Pelepasliaran maleo ini juga dirangkaikan dengan penanaman pohon kemiri yang merupakan asupan utama burun maleo agar bisa bertahan hidup.

Bupati Banggai Herwin Yatim mengapresiasi program DSLNG melestarikan burung maleo yang merupakan kekayaan alam endemik Sulawesi Tengah dan telah disepakati menjadi ikon provinsi tersebut.

"Namun, program ini saya minta dilaksanakan dengan serius dan terukur sehingga dalam beberapa tahun ke depan bisa dirasakan manfaatnya," ujarnya.

"Jangan hanya rame-rame sampai di acara peresmian namun setelah itu kita tidak tahu apa hasilnya," ucap Herwin pada acara yang dihadiri Wakil Bupati, Ketua DPRD, Kapolres, Dandim, dan Kajari Banggai itu.

Sedangkan I Nyoman Ardika, pejabat dari Kesatuan Pengelolaan Hutan Konservasi (KPKH) Bangkiriang menyambut gembira keterlibatan berbagai pihak dalam pelestarian maleo sehingga kesadaran masyarakat sekitarbkawasan konservasi untuk tidak mengganggu satwa liar ini.

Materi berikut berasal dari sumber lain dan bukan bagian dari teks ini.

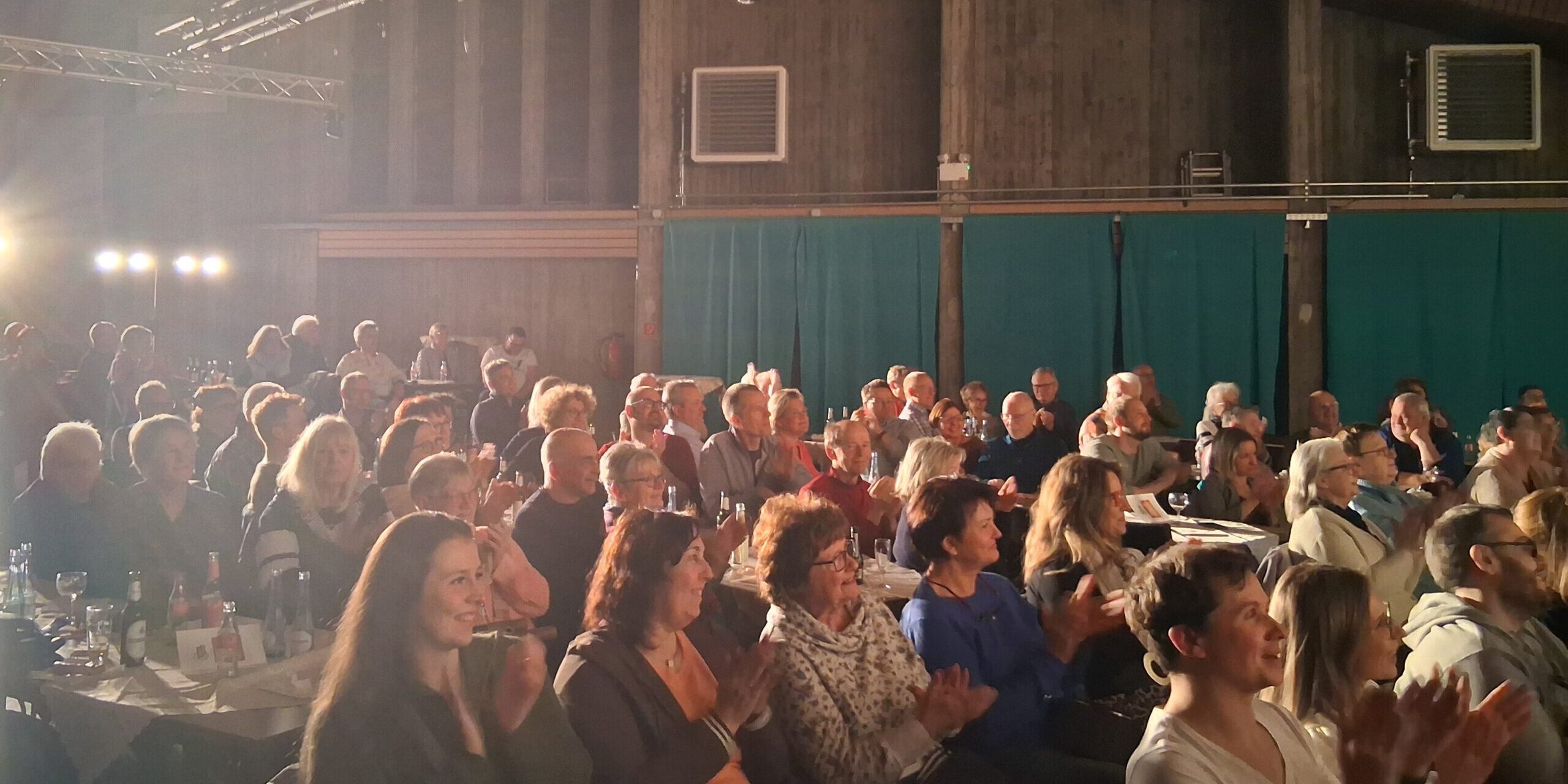 Wie bei der Premiere hatte das Publikum, das bisher  Zuschauer einer Theatervorstellung applaudieren.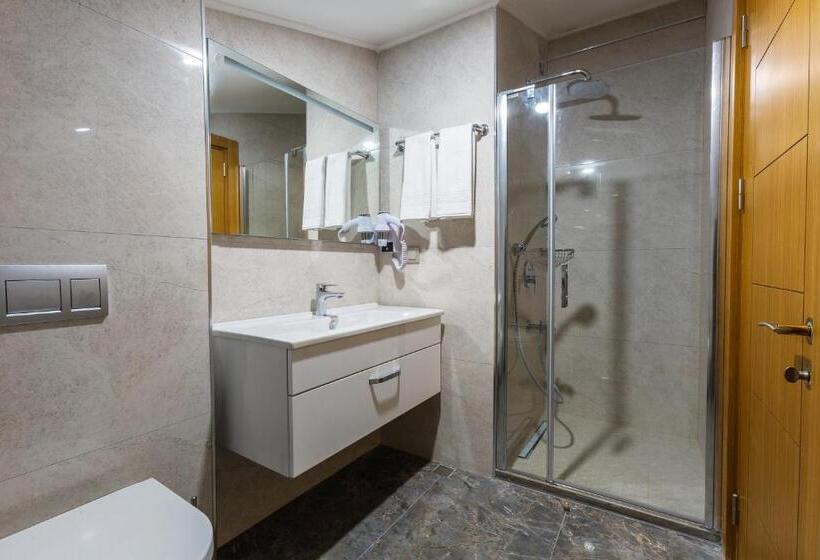 Fotos del hotel Obelisk  & Suites:  30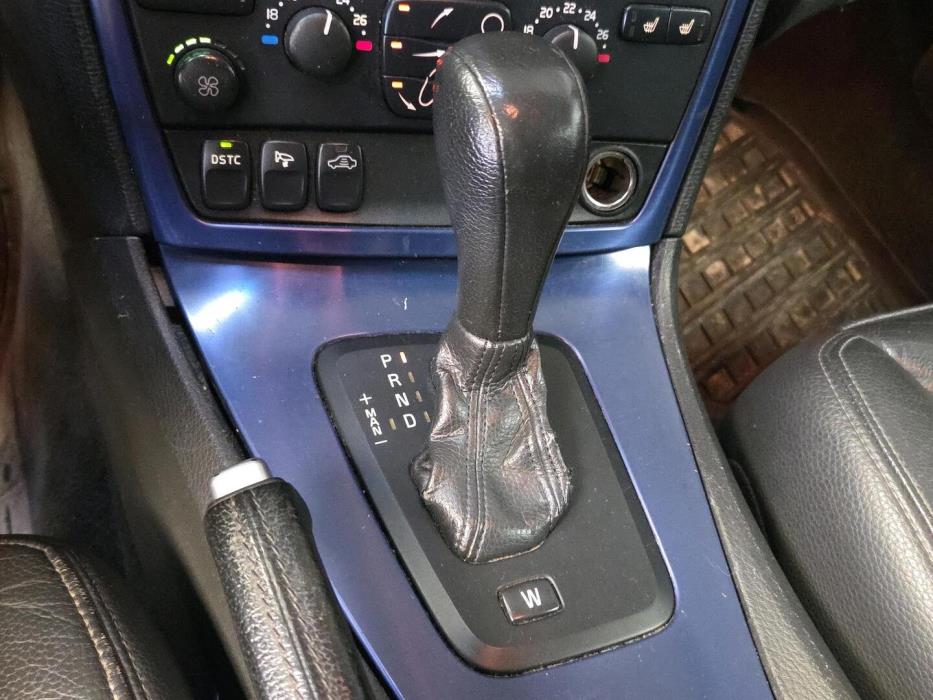 VOLVO V70 2006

"Dengan upaya-upaya ini, burung maleo yang menjadi satwa terancam punah dan dilindungi ini tidak akan samai punah bahkan akan berkembang lebih banyak lagi di masa mendatang," tuturnya.

Menurut Nyoman, populasi maleo di SM Bangkiriang seluas 12.500 ha itu saat ini masih ada sekitar 30 sampai 40 pasang yang aktif keluar bertelur di pantai.

Namun, kata Nyoman, ada pula habitat maleo di huku sungai Tumpu, namun belum diketahui jumlah populasinya.

Mitra-mitra KPHK Bangkiriang yang aktif dalam program pelestaroan maleo di SM Bangkiriang selain PT. DSLNG adalah PT. Pertamina E&P MGDP, JOB Pertamina-Medco Sulawesi, dan Yayasan Aliansi Konservasi Tompotika (Alto).

KPHK Bangkiriang sendiri memiliki program pengembangbiakan maleo yang dilakukan secara semi alami, di mana telur birung ini diambil dari tempat aslinya lalu dipindahkan ke tempat khusus untuk ditetaskan dalam waktu sekitar 50 hari. (skd)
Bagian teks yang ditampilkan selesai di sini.